The Iberian lynx has been classed as endangered since the 1970s, but awareness of its plight remained low until recently.

"There was a lack of coordination between regional administrations, some competition among the environmental agencies and some jealousy," said Sanchez.

Worried that one of its national emblems could disappear, Spain this year unveiled an eight million euro ($7.35 million) plan to save the lynx, with the cooperation of the European Union and environmental groups such as the World Wildlife Fund (WWF).

The plan required local governments to protect the lynx's territory from roads, ensure fresh water sources and foster the rabbit population. It also established a programme of breeding in captivity, headed by Jerez zoo with the aim of replenishing lynx numbers in the wild.

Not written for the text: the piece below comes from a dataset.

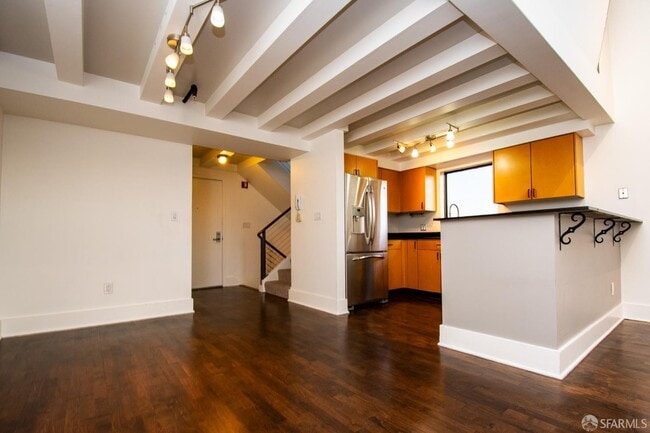 Building Photo - 139 Welsh St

Aura and Saliega in April were the first cubs to be taken from a brood in the wild, but conservationists quickly realised their bad luck.

"We have a little problem. There are only four Iberian lynxes in captivity in the world, and they are all females," said 35-year-old Sanchez, in the searing heat of the Andalusian sun. "We urgently need males".

Apart from a 13-year-old female who is now too old to mate and the two baby girls, who are still too young, conservationists have only one other female lynx which they found half-starved last year in the Donana park.

"We have called her Esperanza (hope in Spanish) because we hoped she would be the first female Iberian lynx to breed in captivity - and we still have that hope," said Sanchez.

Now the search is on for males. Conservationists at Jerez plan to continue taking young cubs from litters to bolster the breeding programme, as from a typical brood of four lynx cubs only two will survive at best.

But finding litters may not be that easy. Like most big cats, Iberian lynxes are extremely solitary animals and come together only when it is time to mate. Even people who live all their lives in an area with a lynx population may never see one.